Measuring drug use among drivers: How accurate is self-reported use?

Eichelberger, Angela H. / Kelley-Baker, Tara
Journal of Studies on Alcohol and Drugs
February 2020

Objective: There has been considerable work validating self-reported drug use with bioassays, but these studies have not been conducted with respondents on the roadway. The objective of this study was to assess the validity of drivers’ self-reported drug use.
Method: This study analyzed 2007 and 2013–14 data from nationally representative roadside surveys of U.S. drivers. Using phi coefficients, the study examined the association between self-reported, past 24-hour drug use and bioassays (based on oral fluid and/or blood) for cannabis, opioids, cocaine, antidepressants, and benzodiazepines.

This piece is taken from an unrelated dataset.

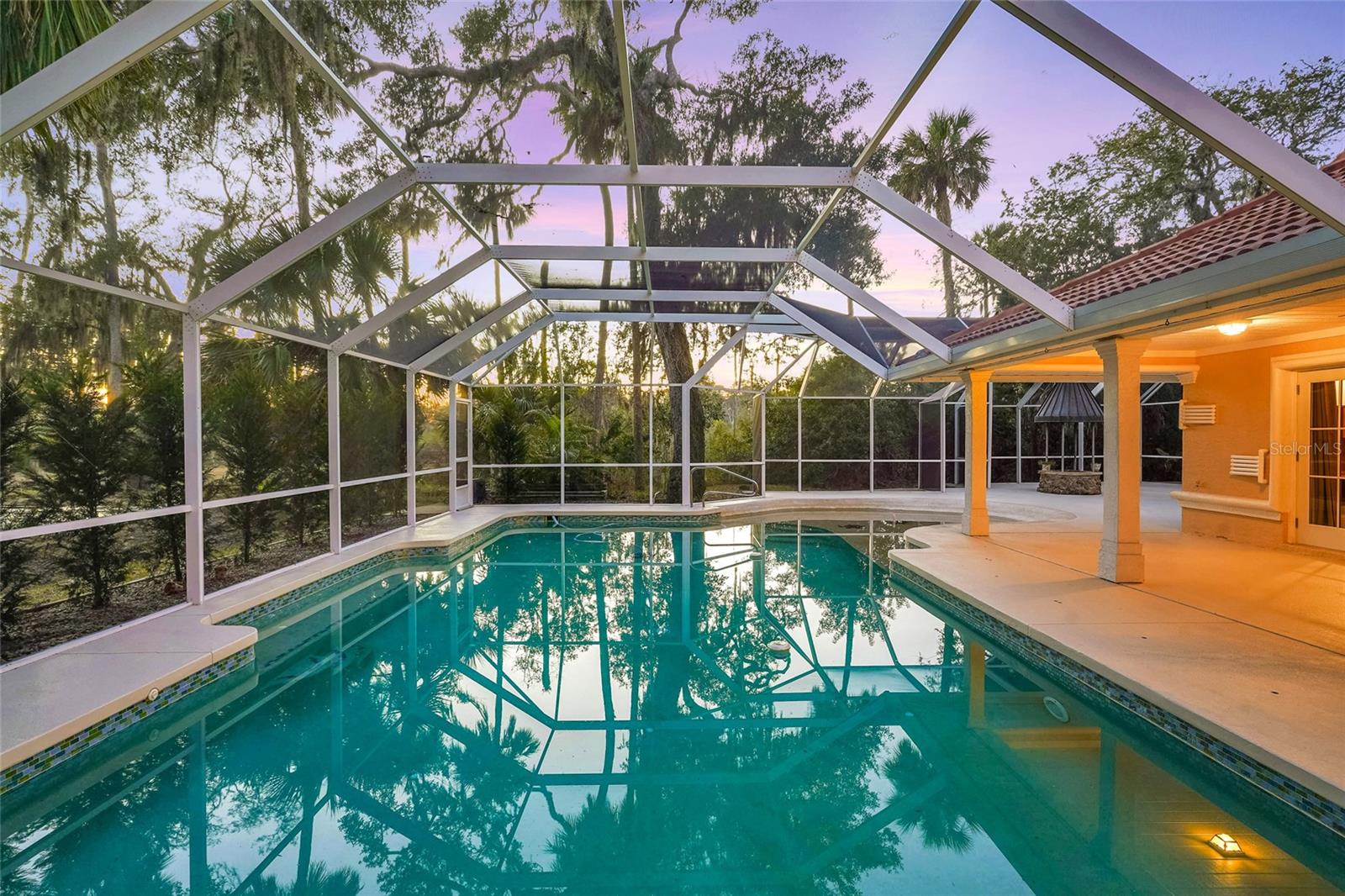 RIVER OAKS SUB - Residential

Logistic regression models examined the association of various factors with the odds of reporting specific drug types.
Results: Overall phi coefficients by drug type ranged from 0.17 to 0.34 in 2007 and 0.30 to 0.54 in 2013–14. The odds of reporting cannabis, cocaine, and benzodiazepine use were significantly higher among drivers who used these substances in 2013–14 (OR=1.92, OR=2.97, and OR=3.25, respectively), compared with 2007. Opioid and antidepressant reporting did not differ significantly among users of these substances across survey years (OR=1.01 and OR=1.44, respectively).
Conclusions: Roadside surveys of drivers are an important method for gathering the types of data needed to monitor trends in drug use. The findings reinforce the importance of gathering multiple types of data to understand drug use among drivers. The many factors that influence self-reporting, as well as the limitations of biological measures, both pose challenges to accurately measuring drug use. Future studies should investigate ways to improve measurement of drug use in this population.